ASSIGNMENT: Your output should be every line below, copied exactly.
Segment Open
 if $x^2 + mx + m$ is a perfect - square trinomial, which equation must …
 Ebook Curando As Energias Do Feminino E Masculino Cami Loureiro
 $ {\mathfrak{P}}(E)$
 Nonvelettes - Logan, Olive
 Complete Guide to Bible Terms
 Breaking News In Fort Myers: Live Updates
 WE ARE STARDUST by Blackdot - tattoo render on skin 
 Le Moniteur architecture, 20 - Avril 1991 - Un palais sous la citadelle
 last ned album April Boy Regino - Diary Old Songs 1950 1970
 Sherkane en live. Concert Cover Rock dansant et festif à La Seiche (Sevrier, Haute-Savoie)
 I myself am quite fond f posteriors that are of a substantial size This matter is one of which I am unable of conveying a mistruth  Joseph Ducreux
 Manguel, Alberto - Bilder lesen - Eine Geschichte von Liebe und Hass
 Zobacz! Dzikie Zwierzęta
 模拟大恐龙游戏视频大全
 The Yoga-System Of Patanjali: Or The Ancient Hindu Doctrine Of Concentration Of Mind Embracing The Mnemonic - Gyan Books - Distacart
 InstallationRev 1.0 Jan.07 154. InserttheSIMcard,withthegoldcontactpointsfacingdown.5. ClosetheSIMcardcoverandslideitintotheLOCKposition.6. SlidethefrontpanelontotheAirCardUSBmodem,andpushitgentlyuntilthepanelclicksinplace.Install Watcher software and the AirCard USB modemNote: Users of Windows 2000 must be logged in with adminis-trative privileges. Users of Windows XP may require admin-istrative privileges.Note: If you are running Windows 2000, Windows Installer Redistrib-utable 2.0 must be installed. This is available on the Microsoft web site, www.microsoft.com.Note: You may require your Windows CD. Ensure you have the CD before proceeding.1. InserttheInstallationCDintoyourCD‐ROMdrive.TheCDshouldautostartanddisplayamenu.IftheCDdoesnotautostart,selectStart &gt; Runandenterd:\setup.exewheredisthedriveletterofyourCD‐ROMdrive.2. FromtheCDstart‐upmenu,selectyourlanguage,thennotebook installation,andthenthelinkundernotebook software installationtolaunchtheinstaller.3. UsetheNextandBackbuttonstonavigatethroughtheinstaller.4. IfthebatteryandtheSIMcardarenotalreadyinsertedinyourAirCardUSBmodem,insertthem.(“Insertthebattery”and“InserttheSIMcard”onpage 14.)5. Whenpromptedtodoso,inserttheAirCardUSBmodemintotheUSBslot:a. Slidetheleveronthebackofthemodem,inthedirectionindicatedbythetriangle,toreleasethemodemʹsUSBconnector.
Segment Closed
RESPONSE AREA:
 if $x^2 + mx + m$ is a perfect - square trinomial, which equation must …
 Ebook Curando As Energias Do Feminino E Masculino Cami Loureiro
 $ {\mathfrak{P}}(E)$
 Nonvelettes - Logan, Olive
 Complete Guide to Bible Terms
 Breaking News In Fort Myers: Live Updates
 WE ARE STARDUST by Blackdot - tattoo render on skin 
 Le Moniteur architecture, 20 - Avril 1991 - Un palais sous la citadelle
 last ned album April Boy Regino - Diary Old Songs 1950 1970
 Sherkane en live. Concert Cover Rock dansant et festif à La Seiche (Sevrier, Haute-Savoie)
 I myself am quite fond f posteriors that are of a substantial size This matter is one of which I am unable of conveying a mistruth  Joseph Ducreux
 Manguel, Alberto - Bilder lesen - Eine Geschichte von Liebe und Hass
 Zobacz! Dzikie Zwierzęta
 模拟大恐龙游戏视频大全
 The Yoga-System Of Patanjali: Or The Ancient Hindu Doctrine Of Concentration Of Mind Embracing The Mnemonic - Gyan Books - Distacart
 InstallationRev 1.0 Jan.07 154. InserttheSIMcard,withthegoldcontactpointsfacingdown.5. ClosetheSIMcardcoverandslideitintotheLOCKposition.6. SlidethefrontpanelontotheAirCardUSBmodem,andpushitgentlyuntilthepanelclicksinplace.Install Watcher software and the AirCard USB modemNote: Users of Windows 2000 must be logged in with adminis-trative privileges. Users of Windows XP may require admin-istrative privileges.Note: If you are running Windows 2000, Windows Installer Redistrib-utable 2.0 must be installed. This is available on the Microsoft web site, www.microsoft.com.Note: You may require your Windows CD. Ensure you have the CD before proceeding.1. InserttheInstallationCDintoyourCD‐ROMdrive.TheCDshouldautostartanddisplayamenu.IftheCDdoesnotautostart,selectStart &gt; Runandenterd:\setup.exewheredisthedriveletterofyourCD‐ROMdrive.2. FromtheCDstart‐upmenu,selectyourlanguage,thennotebook installation,andthenthelinkundernotebook software installationtolaunchtheinstaller.3. UsetheNextandBackbuttonstonavigatethroughtheinstaller.4. IfthebatteryandtheSIMcardarenotalreadyinsertedinyourAirCardUSBmodem,insertthem.(“Insertthebattery”and“InserttheSIMcard”onpage 14.)5. Whenpromptedtodoso,inserttheAirCardUSBmodemintotheUSBslot:a. Slidetheleveronthebackofthemodem,inthedirectionindicatedbythetriangle,toreleasethemodemʹsUSBconnector.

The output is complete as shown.